--- Goal of the exercise ---
Each line of the records containing "Leather" is to be copied out and returned.

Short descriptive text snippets

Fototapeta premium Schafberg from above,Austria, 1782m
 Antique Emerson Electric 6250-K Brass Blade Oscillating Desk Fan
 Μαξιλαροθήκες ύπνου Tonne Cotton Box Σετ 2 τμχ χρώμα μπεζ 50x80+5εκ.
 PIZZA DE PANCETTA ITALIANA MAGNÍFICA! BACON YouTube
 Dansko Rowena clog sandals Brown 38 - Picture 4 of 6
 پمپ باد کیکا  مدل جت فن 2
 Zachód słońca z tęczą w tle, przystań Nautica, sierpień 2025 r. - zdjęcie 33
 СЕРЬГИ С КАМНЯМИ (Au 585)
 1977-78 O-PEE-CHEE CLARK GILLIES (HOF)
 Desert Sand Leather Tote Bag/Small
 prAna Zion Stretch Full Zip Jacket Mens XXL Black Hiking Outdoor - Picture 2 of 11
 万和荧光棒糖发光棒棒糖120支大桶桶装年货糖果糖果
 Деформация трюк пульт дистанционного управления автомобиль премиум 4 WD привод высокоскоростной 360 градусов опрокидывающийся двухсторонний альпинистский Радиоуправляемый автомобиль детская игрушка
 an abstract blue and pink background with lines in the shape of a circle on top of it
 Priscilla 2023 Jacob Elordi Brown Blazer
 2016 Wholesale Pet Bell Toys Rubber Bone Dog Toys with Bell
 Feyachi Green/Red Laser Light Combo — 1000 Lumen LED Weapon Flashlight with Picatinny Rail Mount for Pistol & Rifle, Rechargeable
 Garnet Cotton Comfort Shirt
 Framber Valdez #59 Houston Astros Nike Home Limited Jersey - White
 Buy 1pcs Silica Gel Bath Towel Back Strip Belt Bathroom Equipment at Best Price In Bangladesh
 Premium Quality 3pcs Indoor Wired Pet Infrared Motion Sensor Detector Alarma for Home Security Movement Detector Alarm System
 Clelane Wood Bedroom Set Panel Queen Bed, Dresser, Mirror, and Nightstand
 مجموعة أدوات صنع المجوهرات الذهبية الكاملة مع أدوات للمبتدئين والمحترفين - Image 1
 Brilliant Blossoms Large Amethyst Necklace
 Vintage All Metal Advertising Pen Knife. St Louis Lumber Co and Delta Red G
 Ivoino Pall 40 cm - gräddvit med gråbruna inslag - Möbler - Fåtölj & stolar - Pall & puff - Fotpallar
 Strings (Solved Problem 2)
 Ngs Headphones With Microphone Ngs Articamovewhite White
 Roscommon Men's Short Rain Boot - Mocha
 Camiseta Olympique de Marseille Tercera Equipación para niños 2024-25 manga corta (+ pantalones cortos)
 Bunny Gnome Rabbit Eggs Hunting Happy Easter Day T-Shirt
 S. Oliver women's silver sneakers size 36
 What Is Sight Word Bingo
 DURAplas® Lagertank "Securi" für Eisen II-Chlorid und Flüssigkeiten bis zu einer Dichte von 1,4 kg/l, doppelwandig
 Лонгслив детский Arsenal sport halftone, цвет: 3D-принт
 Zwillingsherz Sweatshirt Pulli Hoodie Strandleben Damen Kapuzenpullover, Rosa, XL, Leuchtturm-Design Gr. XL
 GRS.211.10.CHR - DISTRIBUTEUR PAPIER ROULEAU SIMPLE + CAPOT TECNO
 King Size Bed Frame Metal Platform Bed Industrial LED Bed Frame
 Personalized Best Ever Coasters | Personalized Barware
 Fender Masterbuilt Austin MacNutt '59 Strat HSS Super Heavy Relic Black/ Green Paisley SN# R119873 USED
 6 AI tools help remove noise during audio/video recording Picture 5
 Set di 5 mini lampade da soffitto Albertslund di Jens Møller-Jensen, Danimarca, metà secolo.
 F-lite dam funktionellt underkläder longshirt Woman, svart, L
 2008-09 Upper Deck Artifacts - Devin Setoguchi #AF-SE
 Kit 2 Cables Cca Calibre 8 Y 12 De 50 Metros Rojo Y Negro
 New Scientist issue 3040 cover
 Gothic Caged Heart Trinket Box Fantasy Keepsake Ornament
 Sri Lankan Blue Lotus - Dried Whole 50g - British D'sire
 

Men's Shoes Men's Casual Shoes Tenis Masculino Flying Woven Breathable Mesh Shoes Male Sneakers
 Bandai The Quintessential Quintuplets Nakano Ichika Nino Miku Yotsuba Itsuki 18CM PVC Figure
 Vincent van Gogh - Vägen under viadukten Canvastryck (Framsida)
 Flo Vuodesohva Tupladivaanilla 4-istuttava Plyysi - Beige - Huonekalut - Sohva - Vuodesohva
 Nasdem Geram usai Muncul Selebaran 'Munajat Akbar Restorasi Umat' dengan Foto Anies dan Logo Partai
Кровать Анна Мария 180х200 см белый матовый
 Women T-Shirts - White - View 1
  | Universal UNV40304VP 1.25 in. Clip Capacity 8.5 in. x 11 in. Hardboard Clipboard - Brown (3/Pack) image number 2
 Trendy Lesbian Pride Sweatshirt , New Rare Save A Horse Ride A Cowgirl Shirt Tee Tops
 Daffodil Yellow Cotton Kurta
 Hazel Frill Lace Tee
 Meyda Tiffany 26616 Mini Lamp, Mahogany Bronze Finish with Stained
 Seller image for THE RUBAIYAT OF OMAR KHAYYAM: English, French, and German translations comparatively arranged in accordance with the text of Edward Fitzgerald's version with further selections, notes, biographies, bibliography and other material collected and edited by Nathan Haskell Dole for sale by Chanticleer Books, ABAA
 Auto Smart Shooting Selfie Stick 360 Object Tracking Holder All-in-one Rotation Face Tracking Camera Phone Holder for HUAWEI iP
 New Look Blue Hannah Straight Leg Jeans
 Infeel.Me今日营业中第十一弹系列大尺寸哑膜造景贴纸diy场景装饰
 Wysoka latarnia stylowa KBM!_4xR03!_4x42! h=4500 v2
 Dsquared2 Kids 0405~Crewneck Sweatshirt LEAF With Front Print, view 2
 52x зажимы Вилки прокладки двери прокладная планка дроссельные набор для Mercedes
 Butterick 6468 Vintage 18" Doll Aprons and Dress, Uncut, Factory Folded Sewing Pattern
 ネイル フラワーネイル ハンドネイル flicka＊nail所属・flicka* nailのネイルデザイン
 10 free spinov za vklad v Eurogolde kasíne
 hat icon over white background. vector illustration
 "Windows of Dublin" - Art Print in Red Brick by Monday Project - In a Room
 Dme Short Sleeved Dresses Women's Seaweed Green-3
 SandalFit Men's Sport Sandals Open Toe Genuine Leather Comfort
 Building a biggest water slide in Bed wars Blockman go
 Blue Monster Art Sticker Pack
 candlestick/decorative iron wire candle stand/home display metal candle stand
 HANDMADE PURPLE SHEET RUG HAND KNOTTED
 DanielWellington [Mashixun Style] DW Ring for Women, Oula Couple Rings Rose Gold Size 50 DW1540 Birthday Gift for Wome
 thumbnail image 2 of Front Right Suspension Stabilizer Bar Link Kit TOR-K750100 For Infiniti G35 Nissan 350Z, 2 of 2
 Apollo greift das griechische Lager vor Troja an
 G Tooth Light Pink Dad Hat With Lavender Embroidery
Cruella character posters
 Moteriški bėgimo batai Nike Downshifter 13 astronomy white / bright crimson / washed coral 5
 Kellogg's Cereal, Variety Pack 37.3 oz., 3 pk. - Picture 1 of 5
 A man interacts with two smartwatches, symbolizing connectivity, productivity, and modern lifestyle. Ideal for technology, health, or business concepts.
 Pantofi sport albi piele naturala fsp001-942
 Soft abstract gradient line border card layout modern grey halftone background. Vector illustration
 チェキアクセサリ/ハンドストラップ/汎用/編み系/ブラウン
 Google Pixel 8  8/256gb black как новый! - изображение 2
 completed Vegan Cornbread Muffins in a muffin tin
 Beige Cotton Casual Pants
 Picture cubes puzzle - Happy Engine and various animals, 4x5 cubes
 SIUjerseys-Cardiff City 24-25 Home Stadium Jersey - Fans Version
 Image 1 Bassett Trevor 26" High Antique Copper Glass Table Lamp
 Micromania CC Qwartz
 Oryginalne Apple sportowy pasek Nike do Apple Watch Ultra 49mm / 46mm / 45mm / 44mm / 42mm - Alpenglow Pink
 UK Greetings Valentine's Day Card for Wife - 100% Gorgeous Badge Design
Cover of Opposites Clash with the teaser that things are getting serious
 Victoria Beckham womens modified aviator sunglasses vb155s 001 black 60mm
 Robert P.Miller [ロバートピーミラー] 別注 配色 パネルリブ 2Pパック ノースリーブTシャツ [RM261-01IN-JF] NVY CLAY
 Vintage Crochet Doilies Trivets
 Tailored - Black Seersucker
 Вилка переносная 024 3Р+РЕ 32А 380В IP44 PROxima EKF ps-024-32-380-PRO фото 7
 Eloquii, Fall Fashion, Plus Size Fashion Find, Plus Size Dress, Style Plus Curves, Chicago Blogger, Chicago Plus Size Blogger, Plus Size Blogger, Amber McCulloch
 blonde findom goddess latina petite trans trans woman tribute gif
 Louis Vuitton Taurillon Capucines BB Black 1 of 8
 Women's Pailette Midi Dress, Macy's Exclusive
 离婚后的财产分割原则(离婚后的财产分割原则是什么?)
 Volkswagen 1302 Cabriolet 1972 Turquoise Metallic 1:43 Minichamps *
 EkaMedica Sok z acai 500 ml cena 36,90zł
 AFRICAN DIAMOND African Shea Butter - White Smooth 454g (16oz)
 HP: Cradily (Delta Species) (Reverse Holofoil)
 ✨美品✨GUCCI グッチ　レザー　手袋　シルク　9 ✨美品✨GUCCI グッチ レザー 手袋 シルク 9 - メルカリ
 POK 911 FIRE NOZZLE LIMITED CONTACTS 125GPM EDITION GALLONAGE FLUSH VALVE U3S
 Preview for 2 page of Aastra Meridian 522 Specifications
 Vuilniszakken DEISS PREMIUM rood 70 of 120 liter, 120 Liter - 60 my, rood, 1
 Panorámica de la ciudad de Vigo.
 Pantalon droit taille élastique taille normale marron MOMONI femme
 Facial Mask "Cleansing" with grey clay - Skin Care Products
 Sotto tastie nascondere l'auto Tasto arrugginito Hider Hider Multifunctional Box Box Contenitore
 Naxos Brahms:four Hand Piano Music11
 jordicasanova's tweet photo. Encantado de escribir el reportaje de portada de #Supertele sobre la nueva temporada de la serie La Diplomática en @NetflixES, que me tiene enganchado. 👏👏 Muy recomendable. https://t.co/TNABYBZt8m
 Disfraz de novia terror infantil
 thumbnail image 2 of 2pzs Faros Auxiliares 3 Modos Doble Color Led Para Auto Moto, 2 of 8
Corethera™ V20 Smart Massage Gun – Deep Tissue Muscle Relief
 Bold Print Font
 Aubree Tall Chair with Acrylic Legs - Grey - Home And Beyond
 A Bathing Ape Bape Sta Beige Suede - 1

--- Exercise response ---
 Desert Sand Leather Tote Bag/Small
 SandalFit Men's Sport Sandals Open Toe Genuine Leather Comfort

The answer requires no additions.